- [TASK ITEM]:
Transcribe exactly the lines that fall between the one holding "Monmouth - NCAA" and the one holding "Hightech trifft auf", inclusive, from the entries below.

Data extracted from a collection:
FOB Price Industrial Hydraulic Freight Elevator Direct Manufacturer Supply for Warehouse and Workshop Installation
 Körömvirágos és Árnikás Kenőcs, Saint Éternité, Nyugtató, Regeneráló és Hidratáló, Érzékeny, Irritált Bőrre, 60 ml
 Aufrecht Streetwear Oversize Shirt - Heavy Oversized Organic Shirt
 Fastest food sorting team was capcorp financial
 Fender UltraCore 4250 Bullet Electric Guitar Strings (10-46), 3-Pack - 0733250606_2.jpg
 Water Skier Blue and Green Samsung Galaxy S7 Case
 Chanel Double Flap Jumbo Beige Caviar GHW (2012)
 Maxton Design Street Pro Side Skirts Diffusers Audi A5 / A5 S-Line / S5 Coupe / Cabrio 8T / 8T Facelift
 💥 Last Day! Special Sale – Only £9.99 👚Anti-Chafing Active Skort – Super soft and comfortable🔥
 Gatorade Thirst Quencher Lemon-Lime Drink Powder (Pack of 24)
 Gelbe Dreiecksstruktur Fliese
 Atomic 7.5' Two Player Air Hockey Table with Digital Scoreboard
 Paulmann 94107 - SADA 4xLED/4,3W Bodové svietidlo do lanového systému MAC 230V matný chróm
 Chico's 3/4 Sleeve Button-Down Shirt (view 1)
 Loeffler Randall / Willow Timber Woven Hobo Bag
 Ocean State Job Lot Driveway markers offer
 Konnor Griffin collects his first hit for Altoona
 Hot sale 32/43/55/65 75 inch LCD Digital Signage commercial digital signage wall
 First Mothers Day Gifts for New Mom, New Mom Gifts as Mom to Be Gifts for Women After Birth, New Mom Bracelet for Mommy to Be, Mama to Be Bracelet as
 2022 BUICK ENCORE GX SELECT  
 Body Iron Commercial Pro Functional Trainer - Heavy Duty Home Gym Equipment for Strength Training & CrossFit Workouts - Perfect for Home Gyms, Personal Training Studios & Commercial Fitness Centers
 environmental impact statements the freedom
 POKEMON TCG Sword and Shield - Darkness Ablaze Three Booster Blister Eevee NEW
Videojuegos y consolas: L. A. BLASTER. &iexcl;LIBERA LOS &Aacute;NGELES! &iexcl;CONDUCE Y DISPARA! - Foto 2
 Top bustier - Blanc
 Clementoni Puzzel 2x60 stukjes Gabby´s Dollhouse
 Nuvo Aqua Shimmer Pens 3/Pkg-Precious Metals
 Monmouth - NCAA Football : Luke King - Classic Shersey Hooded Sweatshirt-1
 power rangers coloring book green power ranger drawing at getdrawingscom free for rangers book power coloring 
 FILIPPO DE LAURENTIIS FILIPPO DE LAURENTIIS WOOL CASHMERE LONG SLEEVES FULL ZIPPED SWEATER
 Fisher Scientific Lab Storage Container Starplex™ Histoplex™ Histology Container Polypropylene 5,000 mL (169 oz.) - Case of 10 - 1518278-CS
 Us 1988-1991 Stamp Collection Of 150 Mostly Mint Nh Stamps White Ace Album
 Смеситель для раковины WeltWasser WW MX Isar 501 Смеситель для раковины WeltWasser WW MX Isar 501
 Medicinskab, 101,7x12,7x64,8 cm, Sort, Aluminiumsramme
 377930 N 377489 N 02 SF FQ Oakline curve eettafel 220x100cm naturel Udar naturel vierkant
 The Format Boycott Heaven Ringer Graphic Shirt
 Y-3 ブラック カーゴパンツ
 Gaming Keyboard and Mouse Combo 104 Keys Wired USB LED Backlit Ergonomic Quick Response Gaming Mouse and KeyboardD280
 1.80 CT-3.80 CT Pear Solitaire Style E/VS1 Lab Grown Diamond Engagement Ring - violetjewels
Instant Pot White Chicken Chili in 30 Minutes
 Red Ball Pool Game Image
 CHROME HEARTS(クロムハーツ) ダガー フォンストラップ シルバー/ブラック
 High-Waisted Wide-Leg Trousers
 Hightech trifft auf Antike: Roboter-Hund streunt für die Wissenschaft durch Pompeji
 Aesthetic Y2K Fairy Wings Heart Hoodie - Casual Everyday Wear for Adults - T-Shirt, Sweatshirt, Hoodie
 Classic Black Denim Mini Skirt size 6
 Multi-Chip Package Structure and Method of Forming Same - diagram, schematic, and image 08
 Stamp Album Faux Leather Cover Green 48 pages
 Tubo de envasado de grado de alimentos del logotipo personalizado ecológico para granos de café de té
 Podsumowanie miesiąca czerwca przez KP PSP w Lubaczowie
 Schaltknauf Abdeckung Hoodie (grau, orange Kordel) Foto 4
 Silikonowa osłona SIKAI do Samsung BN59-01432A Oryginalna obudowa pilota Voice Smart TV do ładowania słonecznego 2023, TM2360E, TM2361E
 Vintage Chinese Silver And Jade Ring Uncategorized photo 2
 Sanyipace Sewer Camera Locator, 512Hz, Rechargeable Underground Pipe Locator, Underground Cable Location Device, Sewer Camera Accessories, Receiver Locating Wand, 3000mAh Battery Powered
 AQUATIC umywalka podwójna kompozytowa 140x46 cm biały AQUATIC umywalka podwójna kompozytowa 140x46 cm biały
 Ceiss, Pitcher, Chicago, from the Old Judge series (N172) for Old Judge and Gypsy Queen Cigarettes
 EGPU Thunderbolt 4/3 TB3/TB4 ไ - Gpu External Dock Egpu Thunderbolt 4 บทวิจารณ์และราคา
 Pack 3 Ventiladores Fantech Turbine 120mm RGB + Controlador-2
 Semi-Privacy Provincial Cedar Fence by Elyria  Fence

- [TASK RESPONSE]:
 Monmouth - NCAA Football : Luke King - Classic Shersey Hooded Sweatshirt-1
 power rangers coloring book green power ranger drawing at getdrawingscom free for rangers book power coloring 
 FILIPPO DE LAURENTIIS FILIPPO DE LAURENTIIS WOOL CASHMERE LONG SLEEVES FULL ZIPPED SWEATER
 Fisher Scientific Lab Storage Container Starplex™ Histoplex™ Histology Container Polypropylene 5,000 mL (169 oz.) - Case of 10 - 1518278-CS
 Us 1988-1991 Stamp Collection Of 150 Mostly Mint Nh Stamps White Ace Album
 Смеситель для раковины WeltWasser WW MX Isar 501 Смеситель для раковины WeltWasser WW MX Isar 501
 Medicinskab, 101,7x12,7x64,8 cm, Sort, Aluminiumsramme
 377930 N 377489 N 02 SF FQ Oakline curve eettafel 220x100cm naturel Udar naturel vierkant
 The Format Boycott Heaven Ringer Graphic Shirt
 Y-3 ブラック カーゴパンツ
 Gaming Keyboard and Mouse Combo 104 Keys Wired USB LED Backlit Ergonomic Quick Response Gaming Mouse and KeyboardD280
 1.80 CT-3.80 CT Pear Solitaire Style E/VS1 Lab Grown Diamond Engagement Ring - violetjewels
Instant Pot White Chicken Chili in 30 Minutes
 Red Ball Pool Game Image
 CHROME HEARTS(クロムハーツ) ダガー フォンストラップ シルバー/ブラック
 High-Waisted Wide-Leg Trousers
 Hightech trifft auf Antike: Roboter-Hund streunt für die Wissenschaft durch Pompeji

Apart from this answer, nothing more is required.